First off: thanks for sharing how you experience your protective instincts. I can feel your love for your kid
With that said --
Wha... your and my reads are so different... I hear that as: One lived in the real world that most normal unchosen people experience, and the other had means to avoid said world?
"Abuse" feels strong, bc putting the select (usually wealthy) kids in the safest place and not choosing responsibility/stake in remediating the larger shared experience, that feels like the larger "condemnation to abuse" to me.
I'm a pretty hardcore collectivist though, and I understand that's not everyone's value system *shrug*
yes. one should raise one's kids in only the toughest most unrelenting environment. arctic tundra, perhaps, or federal prison. anything else is unfair and abusive to others.
You've strawmanned me. I'm saying that choosing the "best" places and not stewarding the shared spaces is a form of neglect of shared public goods, public goods that otherwise lead to a strong society that a kid might someday inherit. Some ppl don't just choose the best school, because they think it's best for their individual family unit.
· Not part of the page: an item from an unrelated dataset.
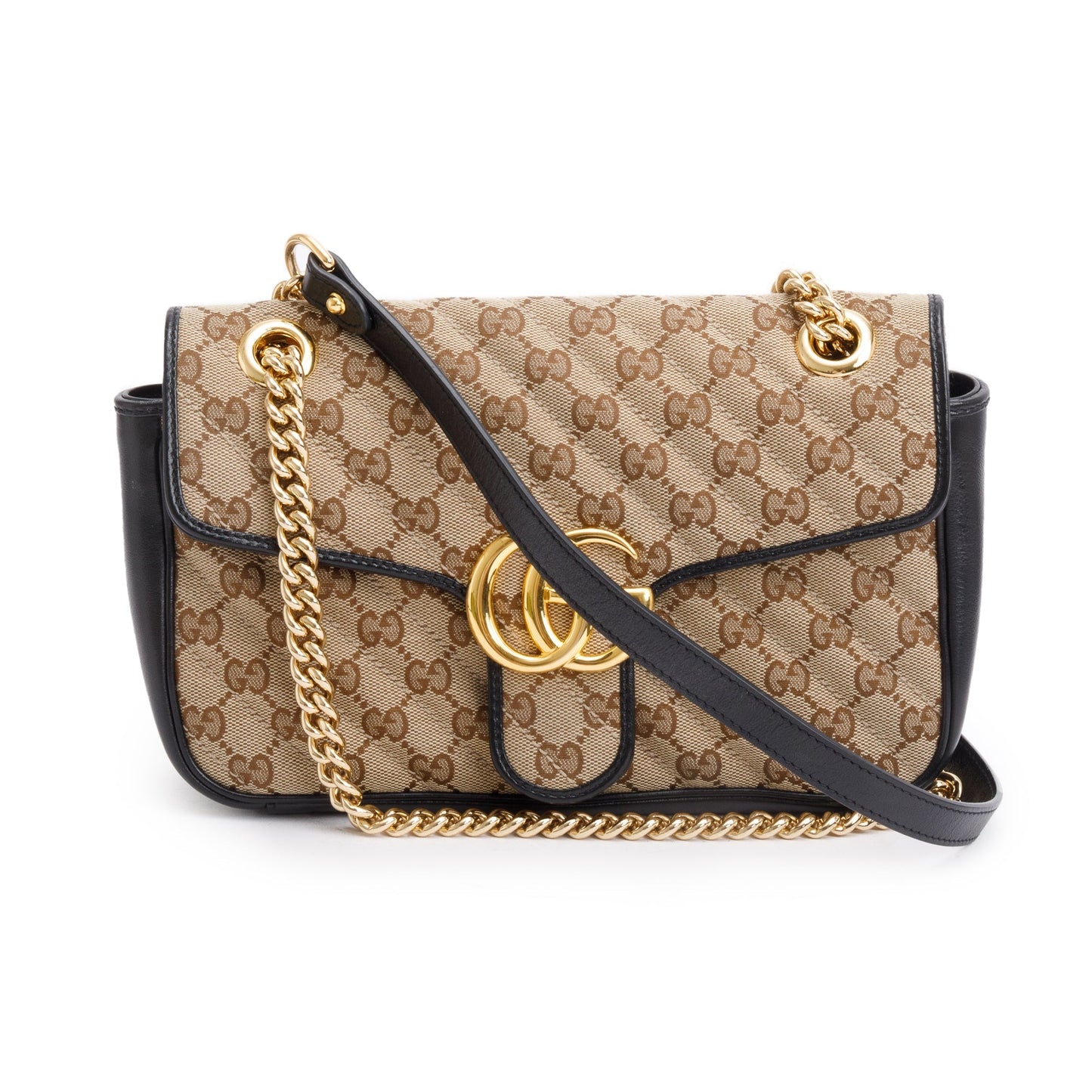 Gucci 2021 GG Canvas Marmont Small Shoulder Bag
Neglect is multi-scalar -- something can be neglect at one level, and care at another. Different families value different scales of concern in their family life
North Americans (esp Americans) tend to not see it that way. Collectivist cultures kinda assume it's a no-brainer, in my experience. Your attempt at painting this as "obvious" and worthy of satirising, that feels kinda misdirected
fair point. the true society self-organizes at each level to cooperate with itself. they avoid tragic outcomes by noticing the coordination traps that lead to them, and then not doing that.
i disagree that one must be subject to the rotten institutions in order to care about or fix them. but this is a disagreement of method, not of result.
i agree that seeking only the "best" can be a status-treadmill coordination trap. i turn away from this as well.
i have a strong distaste when "cooperation" is imposed from without. it is unstable. (does your collectivism rely on shared goals and reflective understanding? or is it enforced by artificially raising the cost of defection?)
agreed that i responded not quite to your comment as written. apologies.
I’d be livid and frothing with vitriol.